Umat Hindu di Bali meyakini Bebayuhan sebagai momen untuk menetralisir derita bawaan sejak lahir. Sehingga tidak jarang jika mebayuh dilaksanakan atas kondisi tertentu, seperti kelainan jiwa, sakit berkepanjangan, sering dirundung kesialan atau kecelakanaan. Pelaksanaan mabayuh oton bermaksud untuk pengruwatan demi menyelamatkan manusia dari akibat keburukan hari lahir dan unsur karma phala yang buruk.
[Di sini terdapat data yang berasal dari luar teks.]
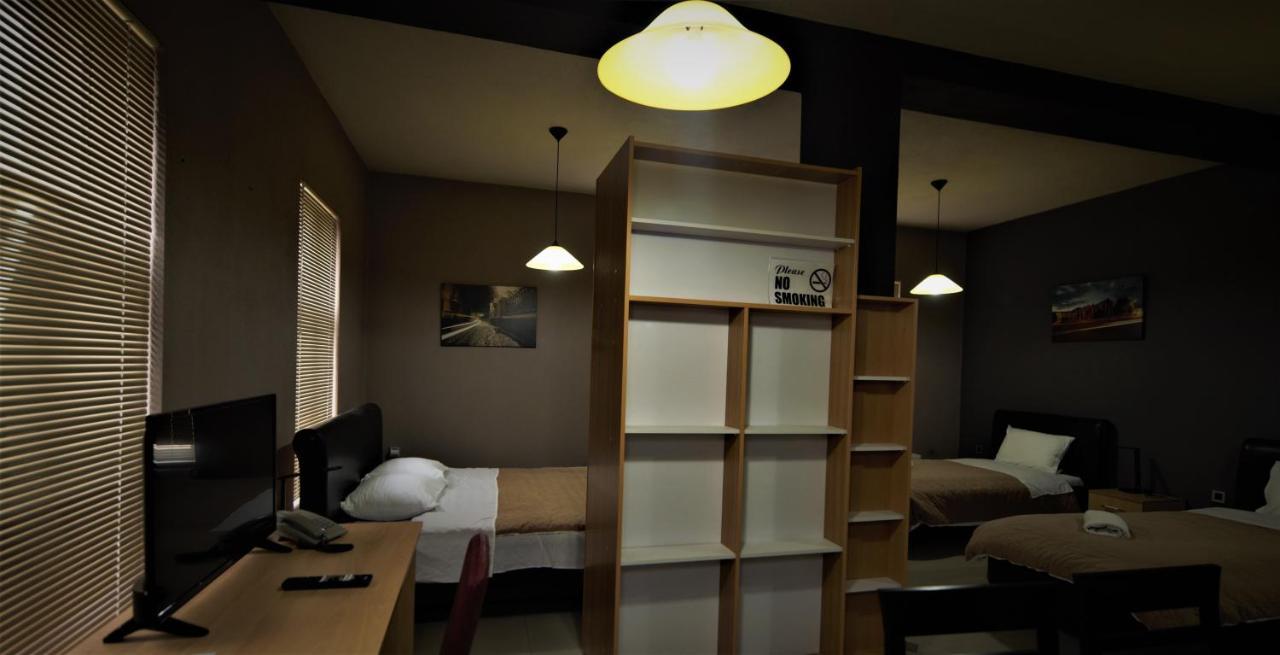 Hotel Ambasador Bitola Exteriör bild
Karena masih me­lekat pada diri manusia serta mengurangi pengaruh Sad Ripu atau sifat-sifat keraksasaan yang dibawa sejak lahir.Tak hanya demi menghilangkan segala kesakitan dan kesialan. Umat Hindu meyakini karakter anak bisa dibawa sejak lahir. Apabila anak memiliki utang atau kapiutangan saat ia lahir, maka akan ber­dampak pada karakternya kelak ketika ia sudah dewasa. Untuk memusnahkan karakter buruk yang sudah dibawa dari lahir itu, masyarakat Bali melakukan upacara mabayuh oton.
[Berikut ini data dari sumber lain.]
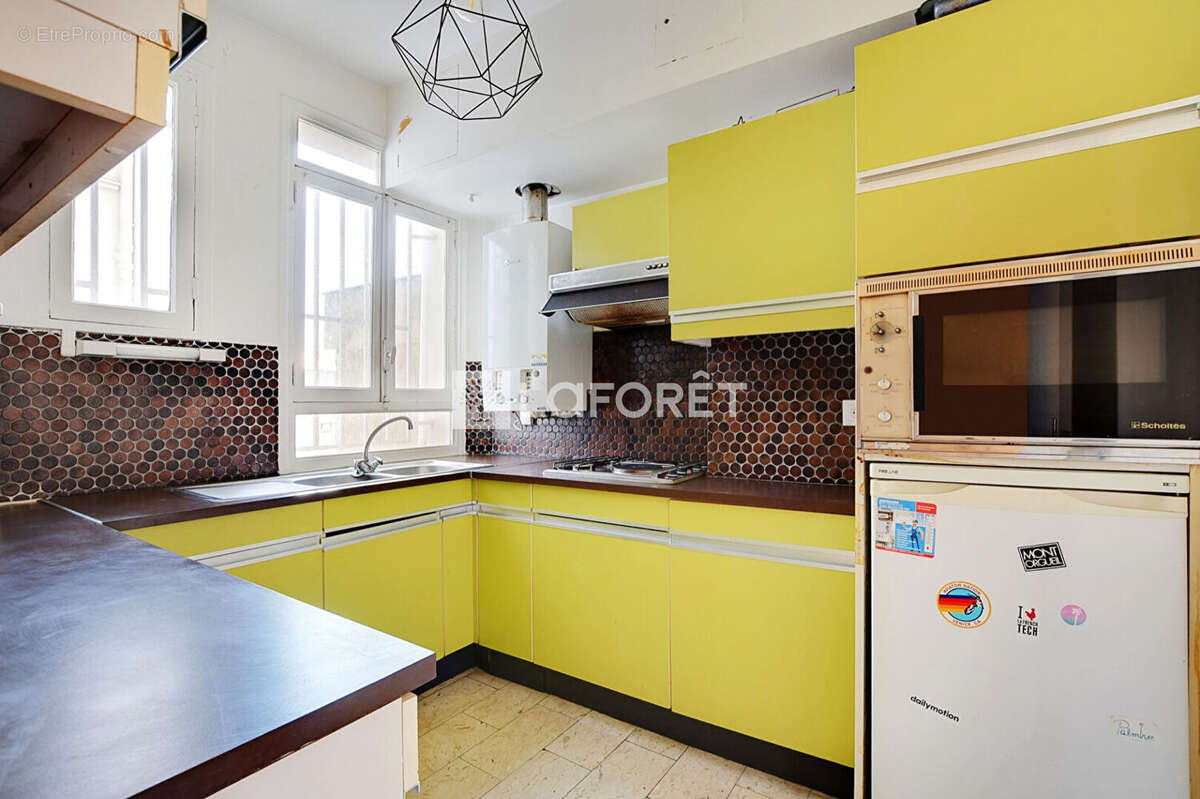 Appartement à PARIS-11E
Ida Pandita Mpu Nabe Putra Paramudaksa Budha Yoga Manuaba menjelaskan bahwa “Bebayuhan Tampel Bolong merupakan pengruatan yang paling utama menurut Lontar Kembang Rampe Lawar Capung”. Bebayuhan Tampel Bolong itu sendiri seperti Bebayuhan Anak Tunggal, Anak Lahir Sungsang, Lahir Prematur, dan Bebayuhan sesuai Pelelintangan seperti Lintang Bade dsb. Segala Pengruatan penderitaan, penistaan kelahiran terdahulu yang belum pernah melakukan proses pengruatan harus dilaksanakan pada kehidupan sekarang ini. Dalam Bebayuhan Tampel Bolong dilaksanakan upacara Pamegat sorsor, serta  pengruatan terhadap Sembilan lubang dalam tubuh dengan aksara suci, imbuhnya. Upacara Bebayuhan massal di Pura Puncak Manik Ukir ini diawali dengan proses Mabiakala yang bertujuan melebur segala kesialan (mala/leteh). Dilanjutkan dengan upacara medusdus dan melukat dengan berbagai jenis air (tirta). Setelah itulah peserta yang mengikuti proses bebayuhan natab banten bebayuhan sesuai dengan hari kelahirannya masing-masing.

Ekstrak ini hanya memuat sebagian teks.